Aim of the exercise -> Exact reproduction, images excluded: write out the records below.

Task material ->
^^^^
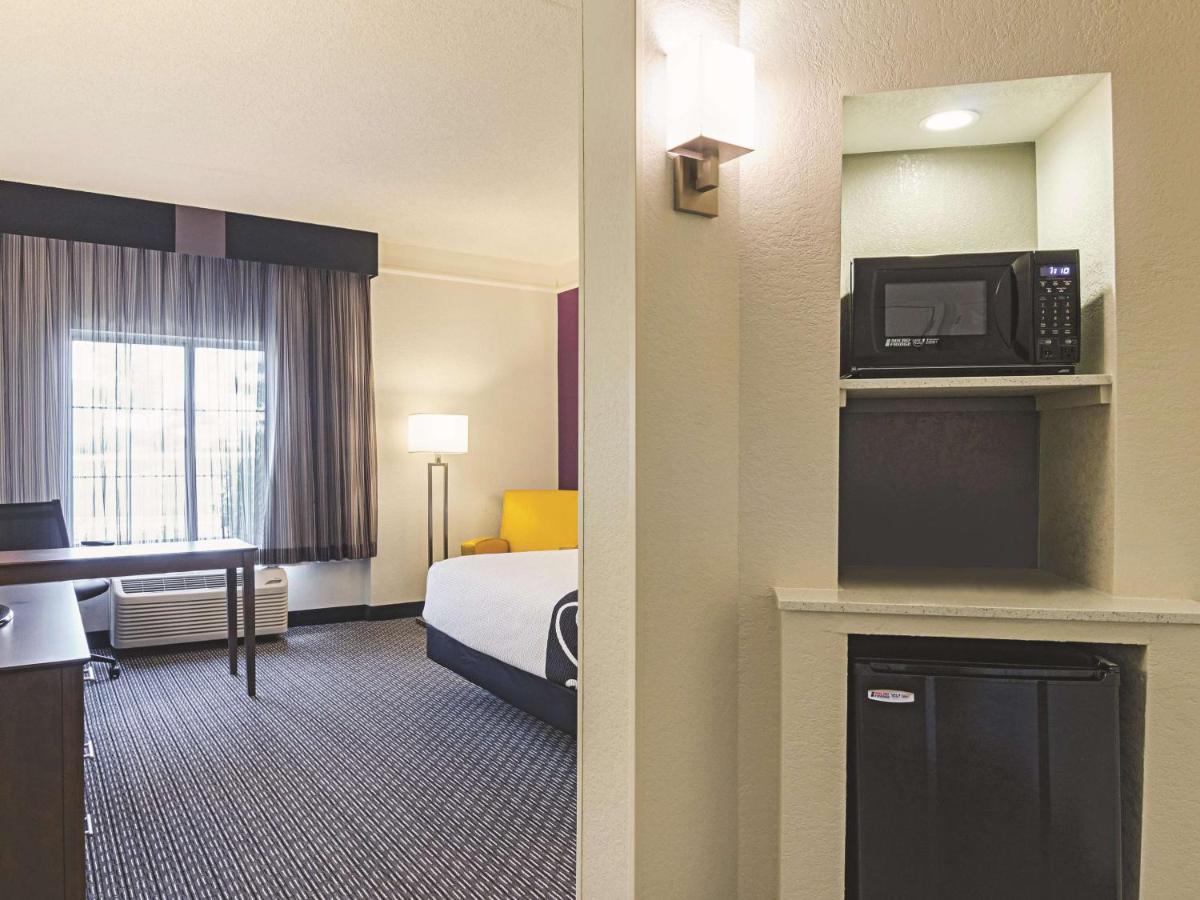 King Room - Disability Access at La Quinta Inn & Suites by Wyndham Denver Airport DIA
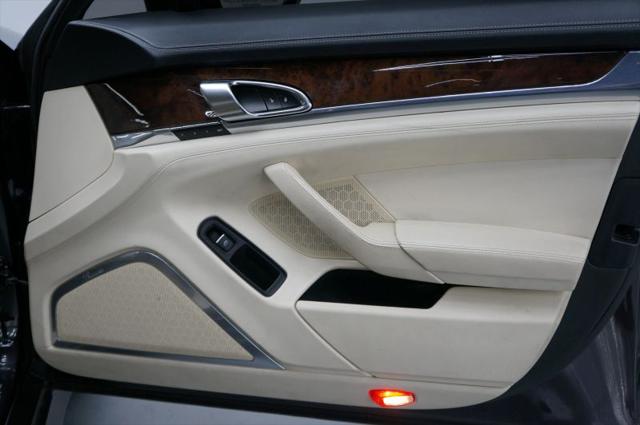 2013 Porsche Panamera GTS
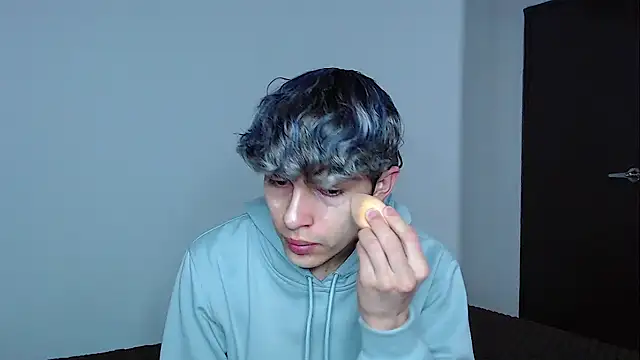 Snapshot of john_vichenso chatting on 21, 11, 2025 john vichenso online show from 21, 11, 2025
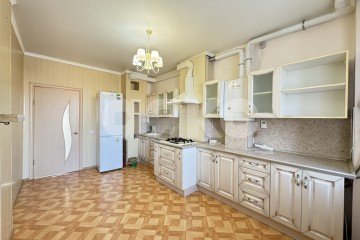 Фото №2: 2-комнатная квартира 66 м² - Горячий Ключ, мкр. Городская Больница, ул. Ярославского, 100Б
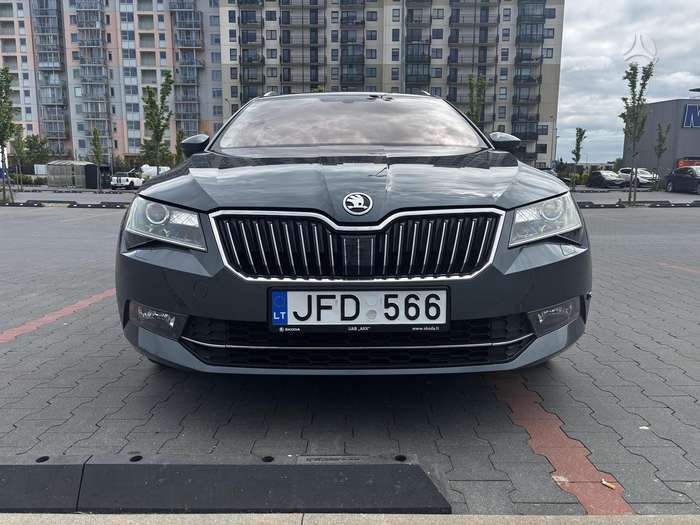 Skoda Superb, 1.8 l., wagon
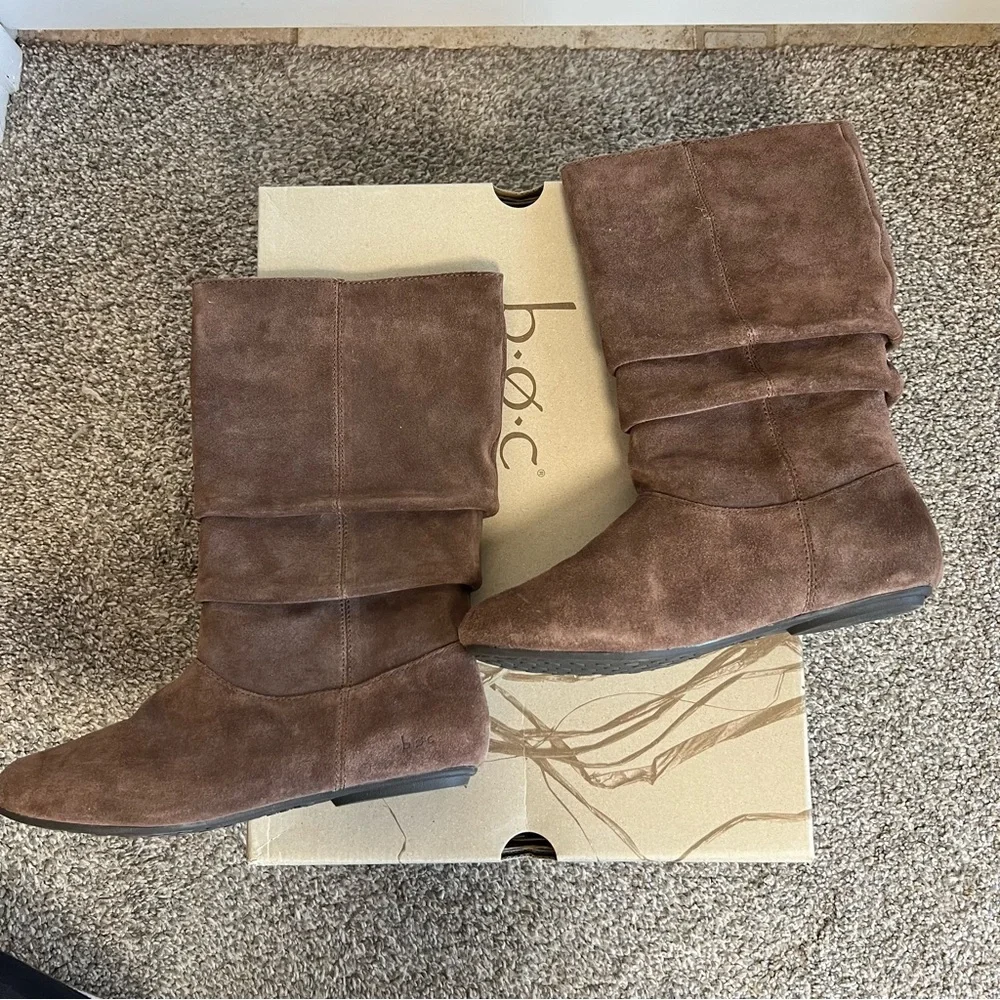 BOC Born Concepts Brown Suede Mid Calf‎ Pull On Boots Bistro style, Size 7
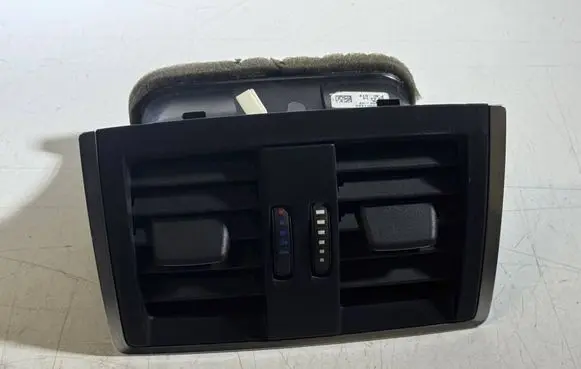 Rear air vent grill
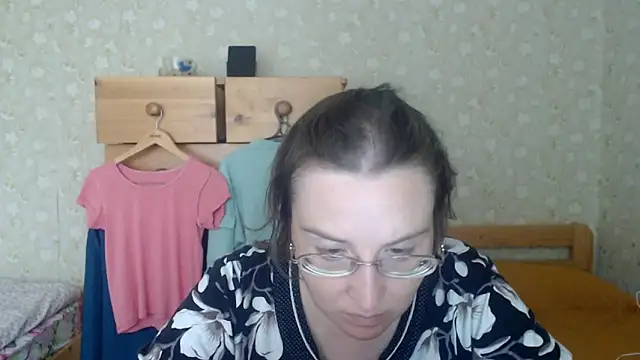 Snapshot of Smart_Rose chatting on September 11, 2025, 12:05 pm Smart Rose online show from September 11, 2025, 12:05 pm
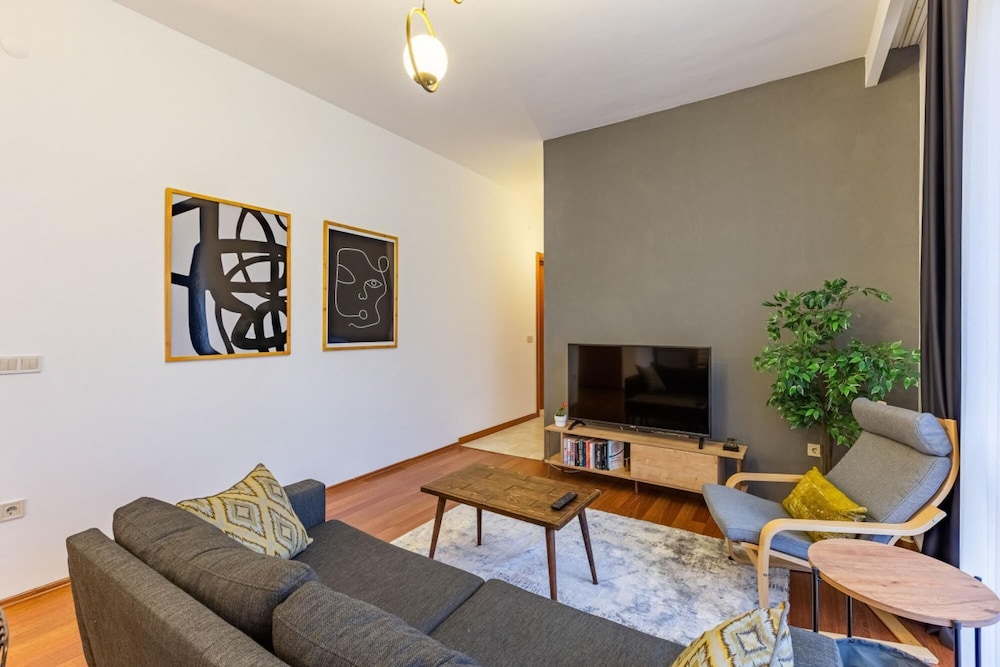 Apartment photo 2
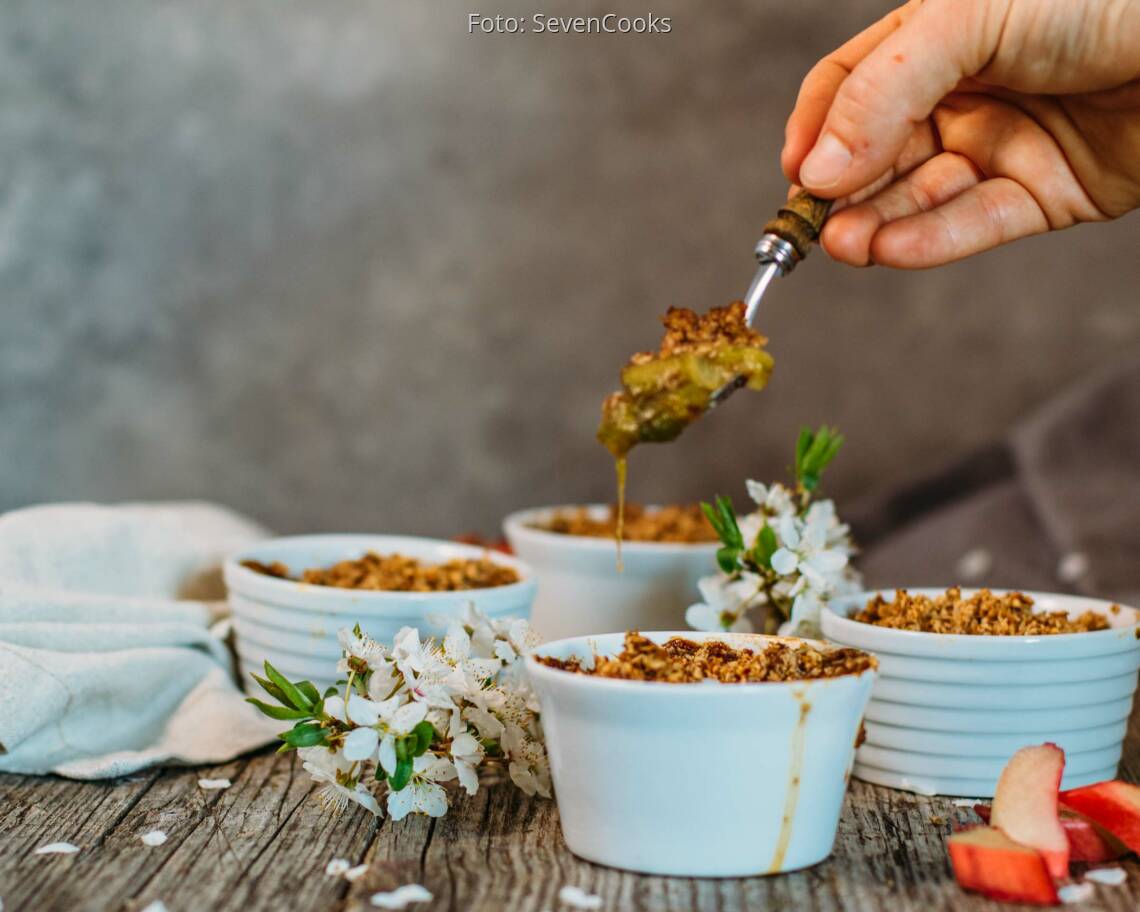 Veganes Rezept: Rhabarber-Crumble vegan 2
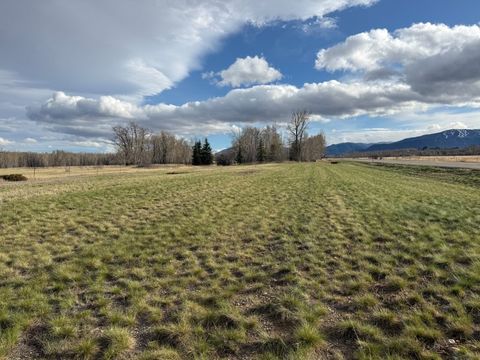 Photo of NHN US Hwy 212, Red Lodge, MT 59068 (MLS # 30069065)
^^^^
Task answer ->
 King Room - Disability Access at La Quinta Inn & Suites by Wyndham Denver Airport DIA
 2013 Porsche Panamera GTS
 Snapshot of john_vichenso chatting on 21, 11, 2025 john vichenso online show from 21, 11, 2025
 Фото №2: 2-комнатная квартира 66 м² - Горячий Ключ, мкр. Городская Больница, ул. Ярославского, 100Б
 Skoda Superb, 1.8 l., wagon
 BOC Born Concepts Brown Suede Mid Calf‎ Pull On Boots Bistro style, Size 7
 Rear air vent grill
 Snapshot of Smart_Rose chatting on September 11, 2025, 12:05 pm Smart Rose online show from September 11, 2025, 12:05 pm
 Apartment photo 2
 Veganes Rezept: Rhabarber-Crumble vegan 2
 Photo of NHN US Hwy 212, Red Lodge, MT 59068 (MLS # 30069065)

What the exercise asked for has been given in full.